### Problem to work on
Omitting all images, set down every line below exactly as it appears.

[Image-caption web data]
########################################
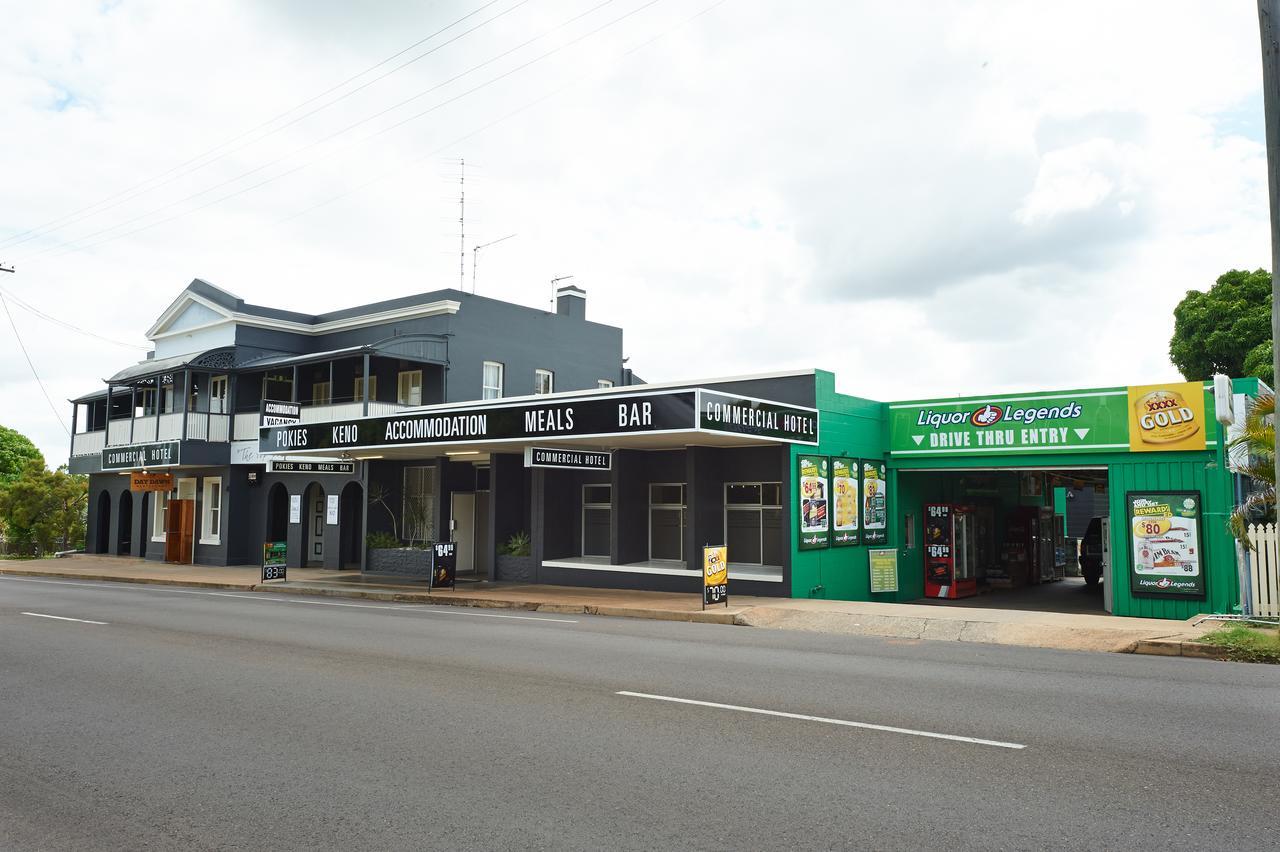 Commercial Hotel Charters Towers Exterior photo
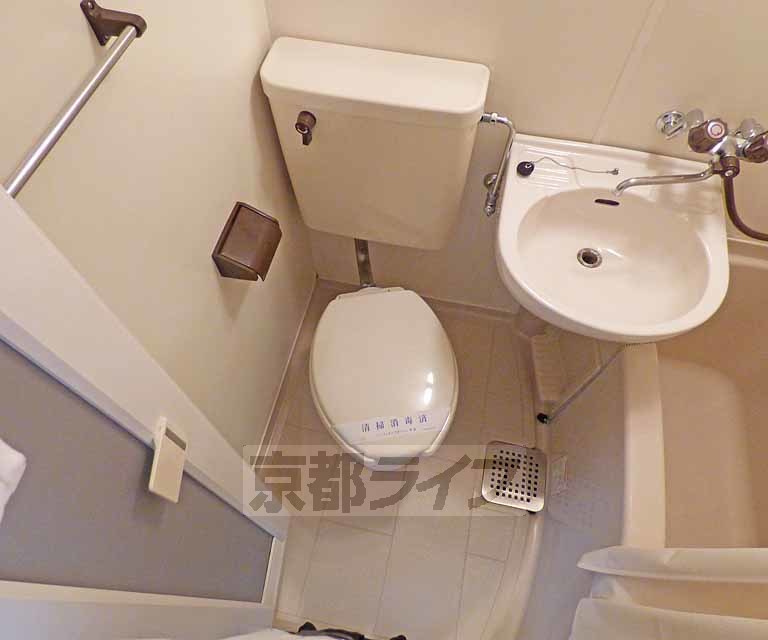 トイレ　トイレです。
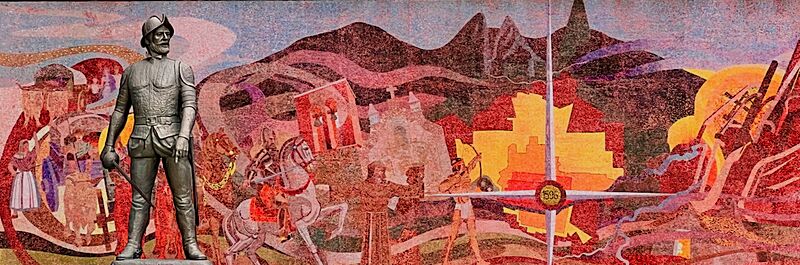 Diego de Montemayor Mural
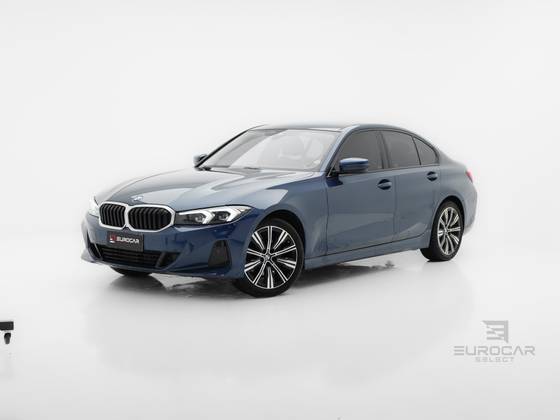 BMW 320i 2.0 16V TURBO FLEX GP AUTOMÁTICO BMW 320i 2.0 16V TURBO FLEX GP AUTOMÁTICO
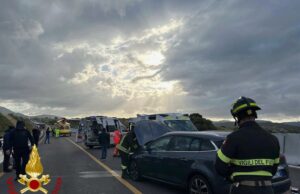Frontale sulla Sassari-Olbia: cinque feriti in codice rosso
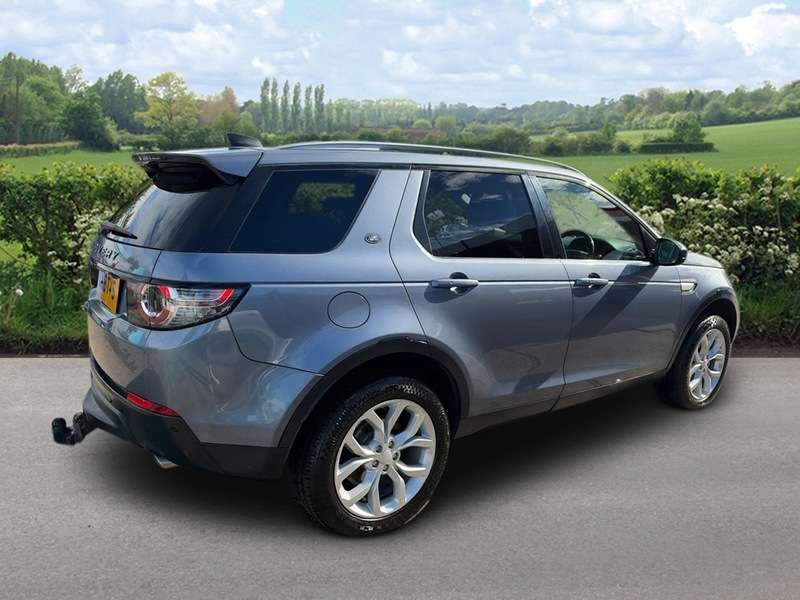 2018 LAND ROVER DISCOVERY SPORT 2018 LAND ROVER DISCOVERY SPORT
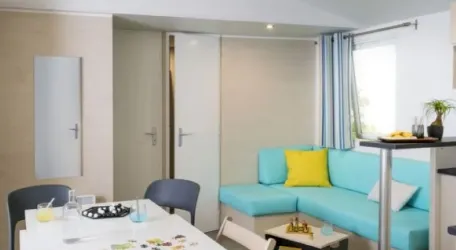 Mobil Home Premium 3 Chambres – 6 Personnes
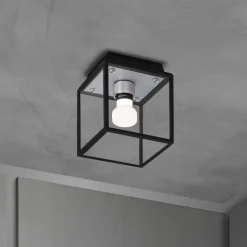 Buster + Punch Caged Wet Small IP44 stål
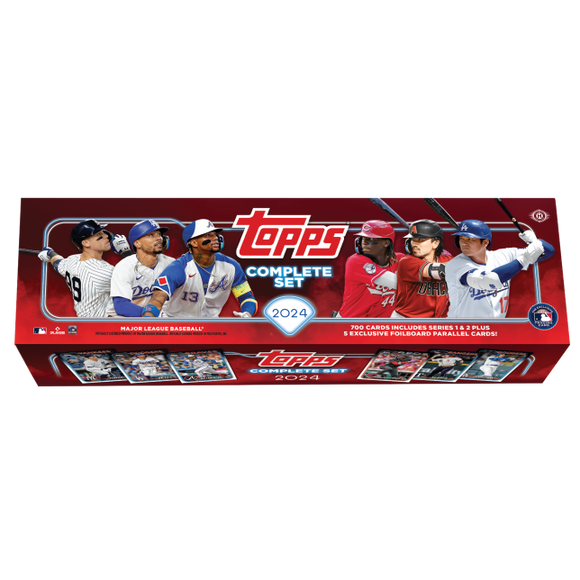 2024 Topps Complete Baseball Factory Set Hobby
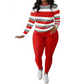 ⏳Time-Limited Special⏰Women's Casual Fashion 2-Piece Set👚👖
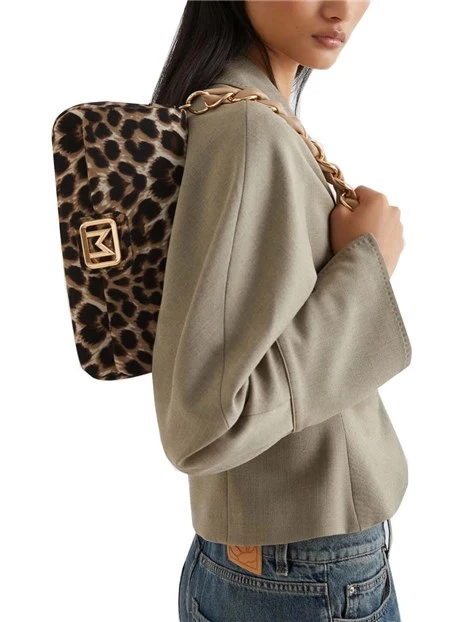 BORSA A SPALLA EMILY3 DONNA BEIGE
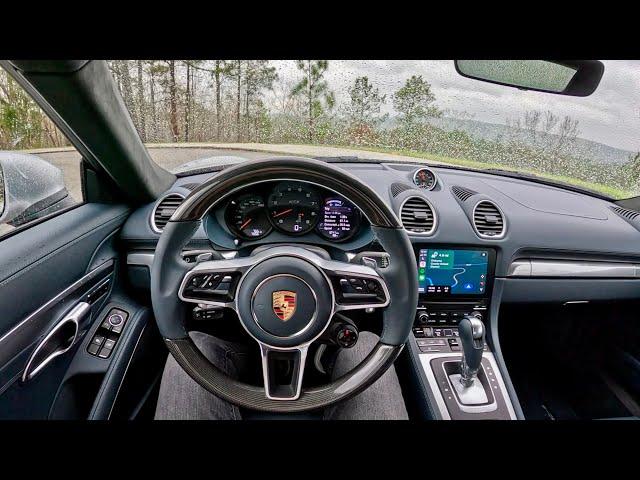 2024 Porsche 718 Cayman GTS 4.0 (PDK) - POV Driving Impressions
########################################
### Result of this exercise
 Commercial Hotel Charters Towers Exterior photo
 トイレ　トイレです。
 Diego de Montemayor Mural
 BMW 320i 2.0 16V TURBO FLEX GP AUTOMÁTICO BMW 320i 2.0 16V TURBO FLEX GP AUTOMÁTICO
Frontale sulla Sassari-Olbia: cinque feriti in codice rosso
 2018 LAND ROVER DISCOVERY SPORT 2018 LAND ROVER DISCOVERY SPORT
 Mobil Home Premium 3 Chambres – 6 Personnes
 Buster + Punch Caged Wet Small IP44 stål
 2024 Topps Complete Baseball Factory Set Hobby
 ⏳Time-Limited Special⏰Women's Casual Fashion 2-Piece Set👚👖
 BORSA A SPALLA EMILY3 DONNA BEIGE
 2024 Porsche 718 Cayman GTS 4.0 (PDK) - POV Driving Impressions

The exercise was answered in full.